先日、久しぶりに北国街道の武州・加州道中境碑(長野県上水内郡飯綱町小玉=ながのけんかみみのちぐんいいづなまちこだま)を訪れてみました。

 北国街道は江戸時代、中山道の脇街道で江戸と信濃(善光寺)、越後、北国(現在の新潟県を含む北陸地方)を結ぶ主要な街道として栄えました。
 現在この碑が保存されている場所は本来の場所から20mほど離れたところにあたるそうです。
 現代の国道18号線は軽井沢町の追分から中山道と分かれて北国街道に沿う形で通っていますが、場所によっては離れているところもあります。
 旧北国街道は長野市街地の北西の山裾を通って飯綱町の牟礼駅付近を通ってこの道中境碑の先で国道を突っ切るのですが、以前はもう少し国道と交差する付近にあったと記憶しています。

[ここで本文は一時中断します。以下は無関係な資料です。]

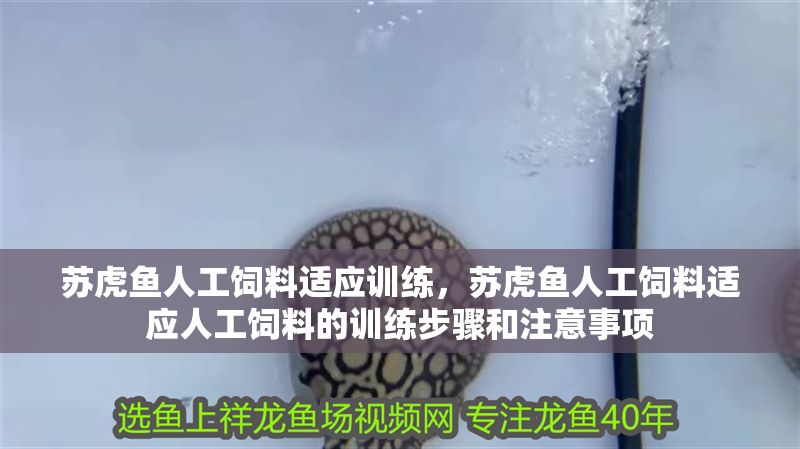 蘇虎魚人工飼料適應訓練，蘇虎魚人工飼料適應人工飼料的訓練步驟和注意事項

 江戸時代初期、加賀(石川県)百万石の大守・前田家が設置したと伝えられ、北陸道~北国街道~中山道を通って江戸と金沢の間を参勤交代で通る際、中間地にあたるこの地で休息をとって金沢の本領と江戸屋敷それぞれに飛脚を飛ばして旅の安全を知らせたと伝えられています。

 北国街道は前田家のみならず北陸地方などの大名の参勤交代の経路として使われたほか、佐渡で採掘された金を江戸に運ぶのに地形が険しくて整備が進まなかった三国街道(現代の国道17号線の群馬・新潟県境)を避けて利用されていたそうです。

 加賀藩第12代藩主・前田斉広の妻であった鷹司隆子(真龍院)が生涯で初めての長旅となった江戸から金沢へ向かう道中で詠んだと伝えられる歌碑も設置されています。
 幕府の施策により大名の正室は人質として江戸屋敷に留め置かれていたわけですが、夫に先立たれてようやく夫の本領である金沢へ向かうことが許されて長旅をした真龍院をはじめ諸大名の正室の胸のうちはどのようなものだったか…。


 先日アップした記事のコカ・コーラ電車はこの道中境碑のすぐそばでの撮影でした。
 かつて加賀百万石の大名行列が通ったこの路線、ほんの20年ほど前までは特急「白山」が金沢から上野までを往復していました。